#### Listed entries ####

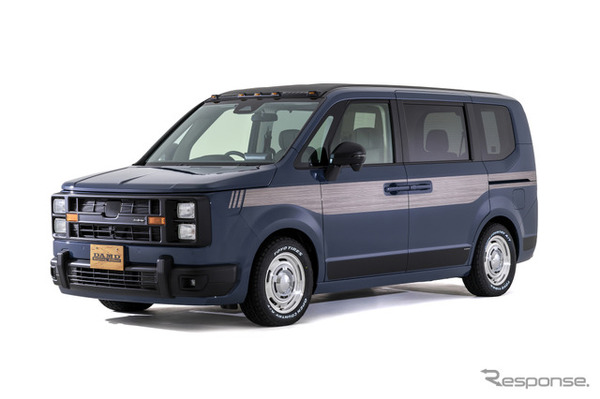 ダムドのホンダ『ステップワゴン』専用ボディキット「DAMDステップワゴン・レゾネーター」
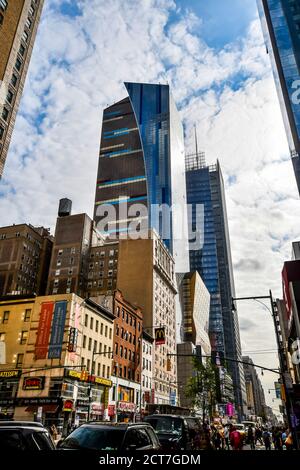 Une rue de la ville remplie de circulation entourée de grands bâtiments à New York. Photo de haute qualité Banque D'Images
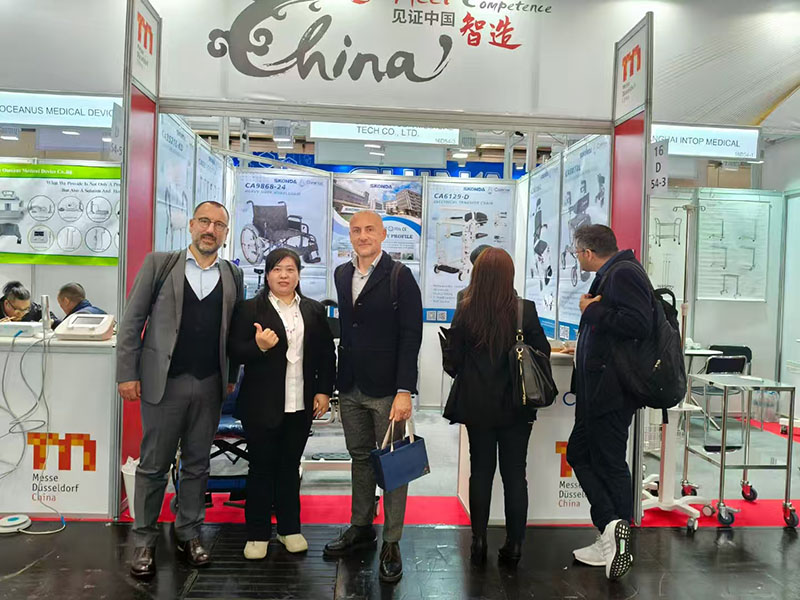 Taispeántas Yuteng Medical in Dubai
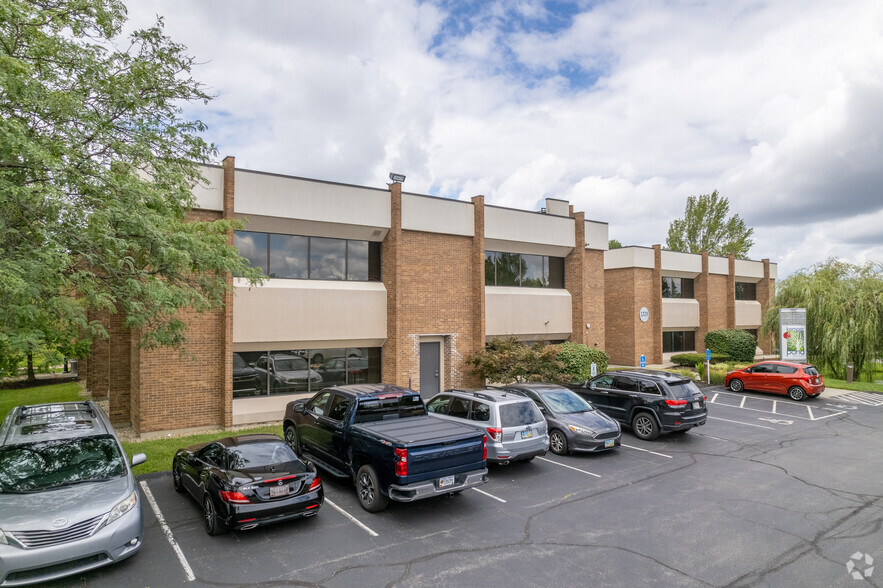 1325 E Kemper Rd, Springdale, OH en alquiler - Foto del edificio - Imagen 3 de 14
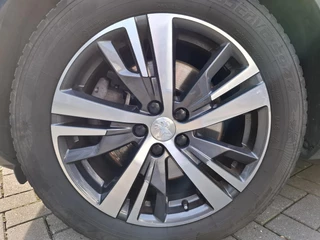 Peugeot 3008 SUV 1.6 HYbrid 225 EAT8 Automaat Road Trip Nav/Cam / 36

####

## Task item:
Write out exactly the lines beginning with the line that holds "1325 E Kemper" and ending with the final line of the data, both ends included, without the pictures.

## Answer to this exercise:
 1325 E Kemper Rd, Springdale, OH en alquiler - Foto del edificio - Imagen 3 de 14
 Peugeot 3008 SUV 1.6 HYbrid 225 EAT8 Automaat Road Trip Nav/Cam / 36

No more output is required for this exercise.